**Task details**
Return each line of the data below verbatim; pictures are to be left out.

-- Source material follows --

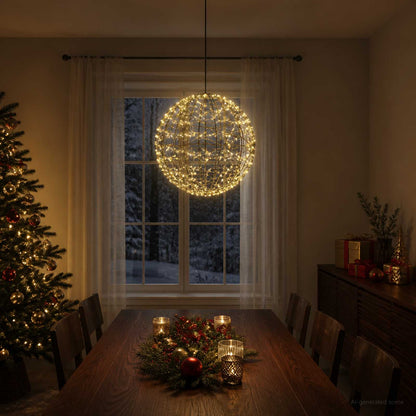 Christmas Finial Light 950 LEDs Warm White Diameter 60 x 63 cm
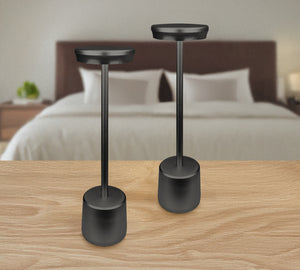 Coppia Di Lampada Da Tavolo LED Set 2 Pezzi Design Moderno Senza Fili Ricaricabile Controllo Touch Selezione Colore Intensità Dimmerabile Altezza Regolabile Con Adattatore Per Bottiglia 3000/4500/600K
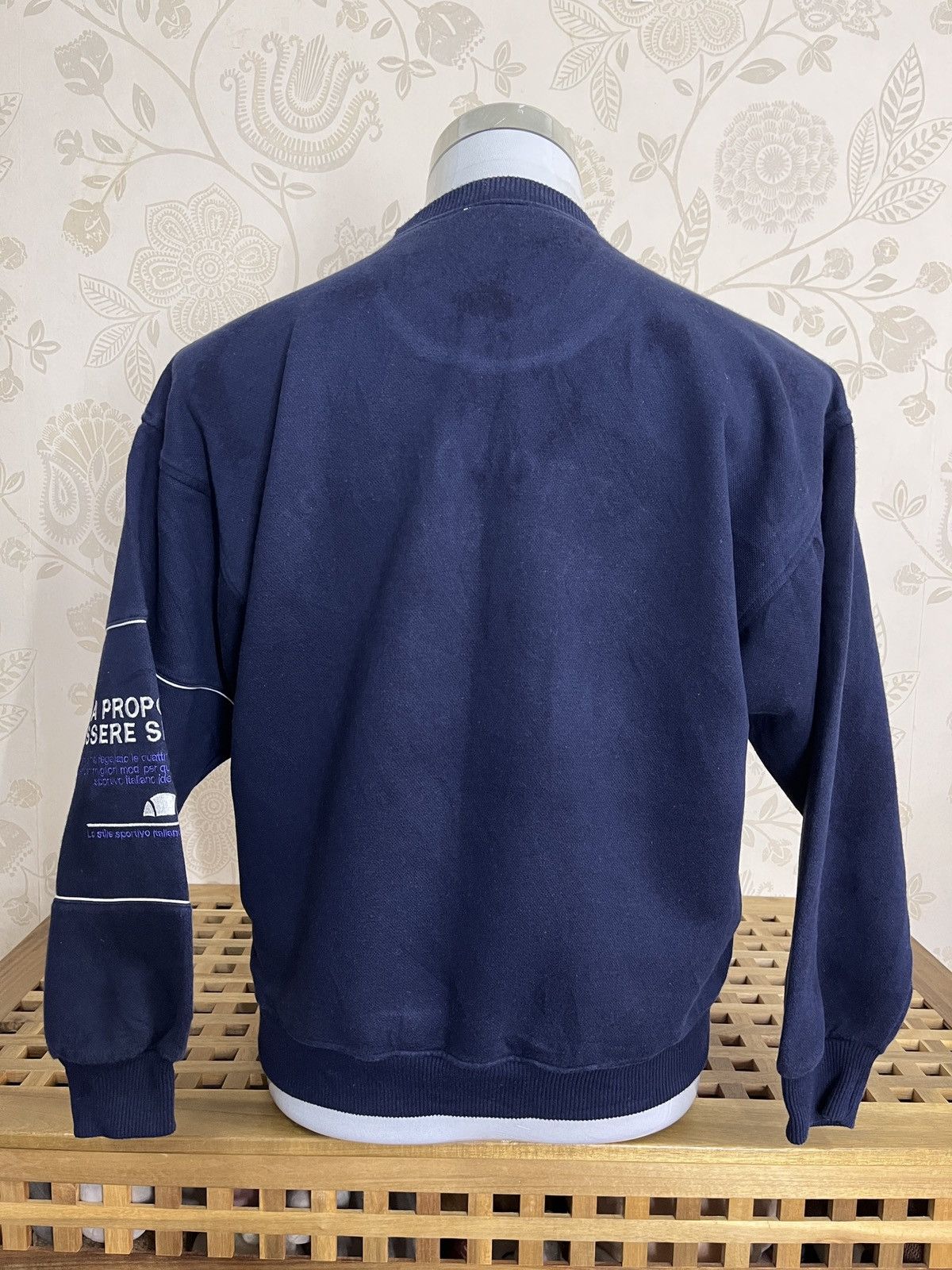 Ellesse × Vintage Vintage 90s Ellesse Sweater Big Logo Embroidered Size US L / EU 52-54 / 3 - 2 Thumbnail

-- Source material concluded --

**Written solution**
 Christmas Finial Light 950 LEDs Warm White Diameter 60 x 63 cm
 Coppia Di Lampada Da Tavolo LED Set 2 Pezzi Design Moderno Senza Fili Ricaricabile Controllo Touch Selezione Colore Intensità Dimmerabile Altezza Regolabile Con Adattatore Per Bottiglia 3000/4500/600K
 Ellesse × Vintage Vintage 90s Ellesse Sweater Big Logo Embroidered Size US L / EU 52-54 / 3 - 2 Thumbnail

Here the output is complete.